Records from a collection

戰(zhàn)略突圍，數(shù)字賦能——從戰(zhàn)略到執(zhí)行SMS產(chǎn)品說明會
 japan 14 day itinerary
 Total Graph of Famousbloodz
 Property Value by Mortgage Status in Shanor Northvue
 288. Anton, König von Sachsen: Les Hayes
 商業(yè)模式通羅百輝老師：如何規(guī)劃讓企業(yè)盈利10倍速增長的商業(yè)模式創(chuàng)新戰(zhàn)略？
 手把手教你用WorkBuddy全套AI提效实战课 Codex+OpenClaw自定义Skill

WHAT TO PRODUCE
Output only a verbatim copy of the lines spanning from the line that contains "Property Value by" to the end of the records above.

FINISHED EXERCISE
 Property Value by Mortgage Status in Shanor Northvue
 288. Anton, König von Sachsen: Les Hayes
 商業(yè)模式通羅百輝老師：如何規(guī)劃讓企業(yè)盈利10倍速增長的商業(yè)模式創(chuàng)新戰(zhàn)略？
 手把手教你用WorkBuddy全套AI提效实战课 Codex+OpenClaw自定义Skill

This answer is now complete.